In an effort to develop a more effective treatment for AD, several studies have been searching for new therapeutic targets underlying the disease pathology. Apart from the cholinergic hypothesis that has been proposed in the etiology of AD for several decades [73], growing evidence links oxidative glutamate toxicity (or oxytosis) to AD by supporting that glutamate-induced neuronal cell death via non-receptor-mediated oxidative toxicity pathway involves in the pathogenic mechanism of neurodegeneration [74-76]. Hence, targeting towards the glutamate-mediated oxidative toxicity pathway may offer a new approach for treating AD as well as other neurodegenerative diseases. In accordance with our previous results, the present study demonstrated that crude ethanolic extract from S. asper leaves exerted neuroprotective property against glutamate-induced HT22 neuronal cell death [54]. This protective activity was also found higher following fractionation of crude ethanolic leaf extract. The strongest protective activity against glutamate toxicity in HT22 cells was observed in the neutral fraction, wherein the minimum concentration showing recovery of 80% cell viability was five-fold lower than that of the crude extract. Interestingly, TLC bioautography also suggested that neutral fraction contains at least one compound with AChE inhibitory activity with minimum inhibitory concentration requirement of approximately 6.7 μg. Therefore, this finding indicates that neutral fraction can be further developed as a potential multi-target agent for AD treatment.

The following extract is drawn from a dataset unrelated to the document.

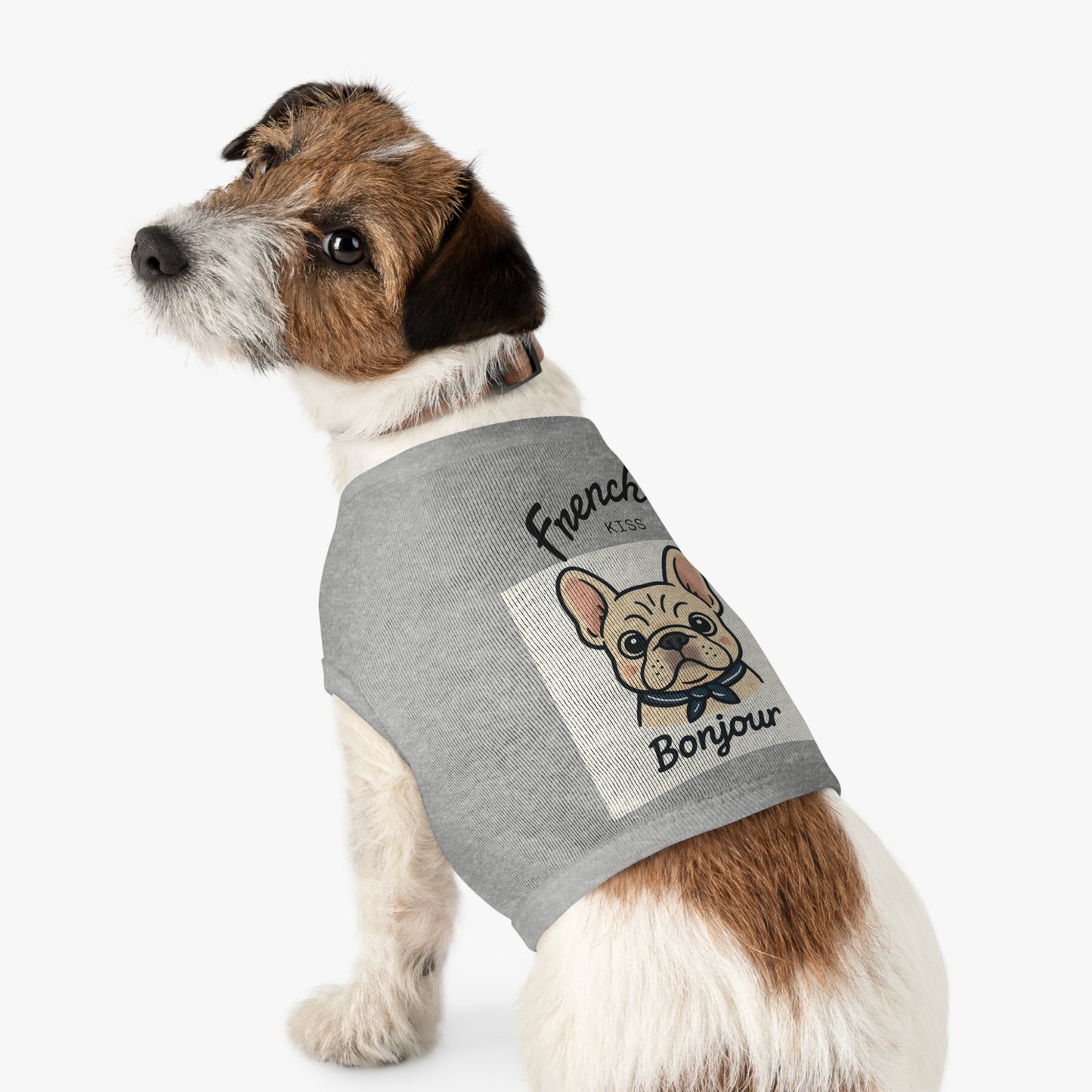 Chic French Bulldog Pet Tank Top - Cute Dog Apparel, Summer Style, Pet Fashion, Gifts for Dog Lovers, Adorable Outfit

However, due to the weak antiradical activity of neutral fraction, it may exert neuroprotective capacity against glutamate-induced oxidative damage via other antioxidative mechanisms. For instance, induction of nuclear translocation of nuclear factor erythroid 2-related factor 2 (Nrf2) is a protective pathway proposed in our previous work [54].

Conclusions

Our findings have demonstrated the therapeutic potential of three acid-base fractions extracted from the leaf part of S. asper as promising natural source for neuroprotective agents with additional actions of antibacterials and antioxidants, along with AChE inhibitors. Further studies should aim to isolate bioactive substances from neutral and acidic fractions and identify the mechanisms underlying their actions, which can be used to develop new natural agents as therapeutic drugs for the treatment of AD.